Web Summit brought together leaders from across fintech, impact investing, and social enterprise to discuss how emerging technologies are reshaping the financial sector. But it’s clear that, though we have a number of new tools at our disposal, to create a financially inclusive world, we first need to address a much older problem: trust.
Trust is vital in every aspect of financial services, but it’s most important of all in reaching the most vulnerable people in the world — three billion people left out of or poorly served by the formal financial sector.
My friend, Evelyn Stark from the MetLife Foundation made a helpful analogy. If your employer decided to pay you in Bitcoin, you’d have a lot of questions: how much is this going to cost me? Where can I buy groceries? How do I use it? Who else will use it? That’s what it feels like when we ask people to go from cash to digital. There is fear and uncertainty.
The world’s three billion financially underserved people are as invisible to the formal financial sector as it is to them: they don’t see it, use it, or benefit from it. And it would be no small thing for them to go from a cash-based, informal economy to a digitized, formal economy with mobile payments and e-receipts. The world’s financially underserved would have just as many questions about going from cash to digital as you would have going from dollars to cryptocurrency.

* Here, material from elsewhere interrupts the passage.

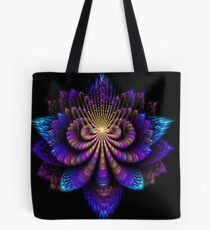 Apo 3D Botanical Tote Bag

We have to prepare for this and launch products that build trust from the start. In some cases, that’s as simple as accounting for the technical realities underserved consumers often endure, including intermittent electricity, unreliable internet availability, and high costs for data plans. Creating well-designed products that don’t crash, work well, and simply do what users expect them to do is the first step in fostering trust.
But it’s just the first step. We’ll also need to continuously rethink how to balance ‘tech and touch’ to automate back-office operations and respond to users’ customer engagement preferences. And we also need to be aware of — and responsive to — growing concerns about data protection and privacy. Finally, we need to recognize that new consumers may not have the financial capability they need to prevent overindebtedness, and we’ll need to communicate those risks clearly.
All of that begins with trust — with designing high-quality products that put our users first. Delivering those products demonstrates to new users that we understand them and can address their needs. It’s a fundamentally important first step we must take in order to help underserved people and businesses everywhere realize their economic potential.